As the movie starts we are right in the middle of a wake that was supposed to be a wedding. At the center of the activity is Gray (Jennifer Garner), surrounded by friends as she struggles to cope with the untimely loss of her fiancee, Grady. As her coping mechanisms kick in, she moves in with Grady's roomies Sam and Dennis (Kevin Smith and Sam Jaeger). Also in the mix is Grady's friend Fritz (Timothy Olyphant), in town for the funeral, who hangs around to help clean up.
During her grieving process, Gray uncovers a liasion that Grady had that led to a son. So now, on top of dealing with the loss of her fiancee, she has to deal with his infidelity and the possibility of losing her inheritance to a son that no one knew about. Plus, she has a growing attraction to the slimy Fritz, while Sam and Dennis try to help out where they can.

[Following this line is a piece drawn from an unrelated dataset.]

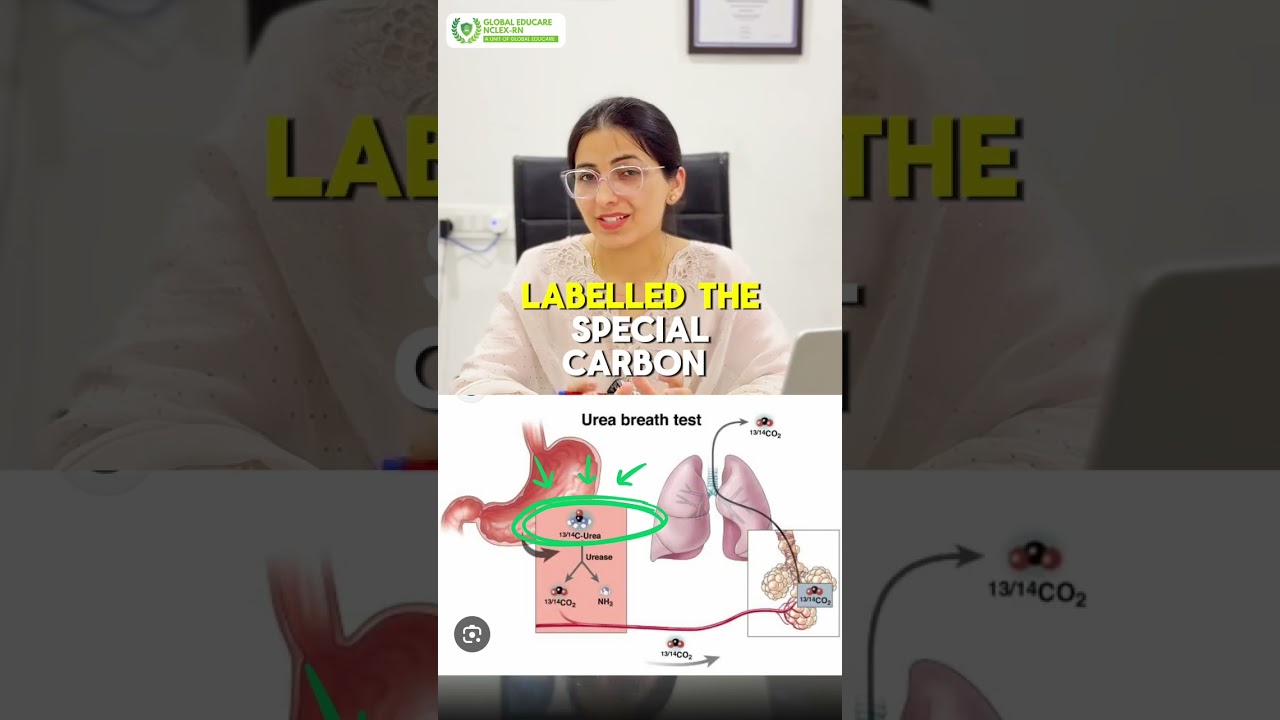 🧪 How Does the Urea Breath Test Detect H. Pylori?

Catch and Release is a nightmare narrative. The characters are thin and do not seem to work with any type of brain function. Rather than being creations moving within the plot, they are manipulated by the plot into a fashion that resembles a bad soap opera. Rather than dealing with the real emotions, we fall into melodrama, a melodrama populated with characters that I don't care much about.
As I sat in the theater, I found myself thinking about how long the movie felt. I glanced at my watch and found it had only been 45 minutes. Around the hour mark I was wondering how they were going to stretch the story, not to mention the believability to the 110-minute runtime that I have seen posted; it felt like it was going to struggle for 90. Then there are the false endings. There were a couple here, and when the real ending arrived, it had much less impact than the earlier ones would have.